Methods: Data came from the formative evaluation of an anti-smoking media campaign in Philadelphia, Pennsylvania; the campaign is part of the CDC Communities Putting Prevention to Work initiative. A representative sample of adult smokers (N=501) from Philadelphia answered questions about their beliefs and intentions regarding smoking cessation. Twenty-nine cessation beliefs were considered for analysis.  To test whether race (White or Black) moderated the association of these beliefs on cessation intention, we included the interaction of race and belief in multiple linear regression models predicting cessation intention. In separate models, we tested whether gender moderated the belief-intention relationships.

Results: Black smokers reported significantly higher intentions to quit smoking compared to White smokers.  Intention to quit did not differ by gender. Among the entire sample, 11 beliefs were significantly related to intentions to quit smoking. Among the race moderation models, three interactions were statistically significant (p ≤ 0.01). Beliefs corresponding to these interactions were 1) using help to quit smoking is a sign of weakness; 2) confidence to manage intense cravings; and 3) confidence to manage irritability after quitting. These interactions indicated that increasing agreement with the belief was more associated with higher intentions to quit smoking among White than Black smokers (indeed none of the three were significantly associated with intentions for Black respondents).
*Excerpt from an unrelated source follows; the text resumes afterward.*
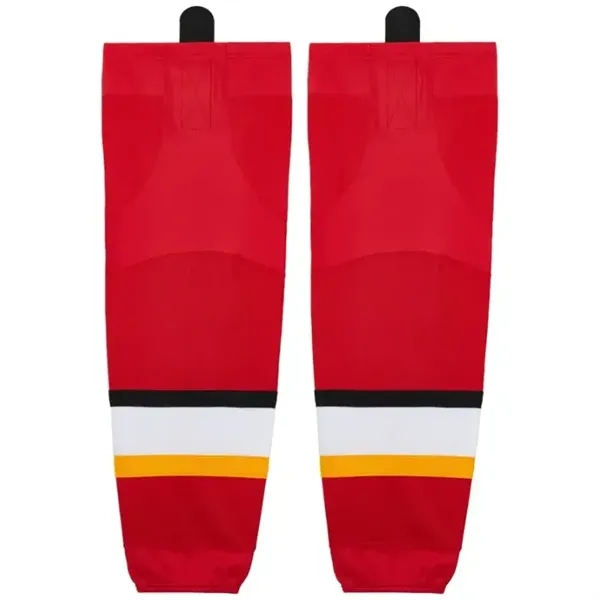 Custom Sublimated Traditional Ice Hockey Socks - Custom Sublimated Traditional Ice Hockey Socks - Image 2 of 3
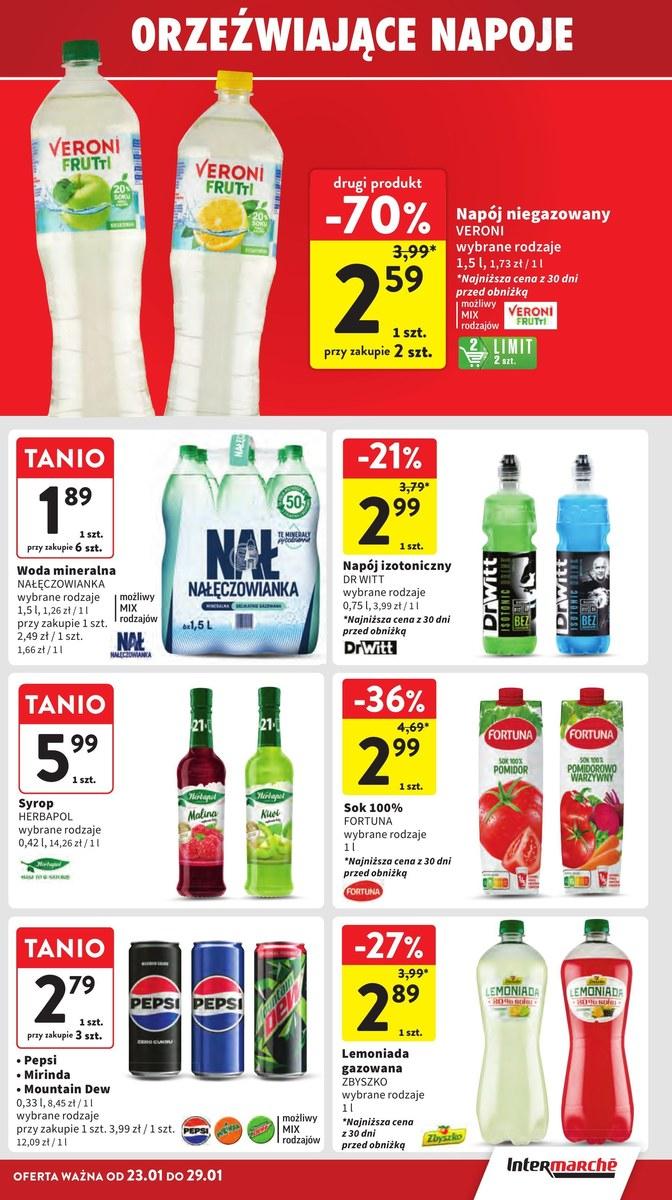 Gazetka promocyjna Intermarche do 29/01/2025 str.27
In the gender moderation analyses, only one interaction was statistically significant; female respondents showed a stronger association between the belief that quitting smoking would increase energy to do enjoyable activities and intention to quit.   

Conclusions: The results show that almost all beliefs about quitting smoking are not differentially associated with cessation intentions by race or gender, although many showed significant overall associations.  The significant interactions in the race analysis were in the same direction and highly significant, suggesting that those detected differences are not by chance, and would suggest that messages promoting these three beliefs would be inappropriate for an audience that included Black and White smokers.  Given that only one in 29 gender interactions produced a significant finding, that result may well be due to chance, and could be ignored. 

Implications for research and/or practice: Before allocating resources to develop and disseminate anti-smoking messages, campaign planners should consider how the effects of those messages might differ across various sub-audiences, particularly groups at higher risk for poor health behaviors and outcomes.  Finding a single message that resonates with the entire audience would keep message development and advertising costs low. The present study shows there are a number of beliefs about cessation that would resonate with Blacks and Whites and men and women smokers.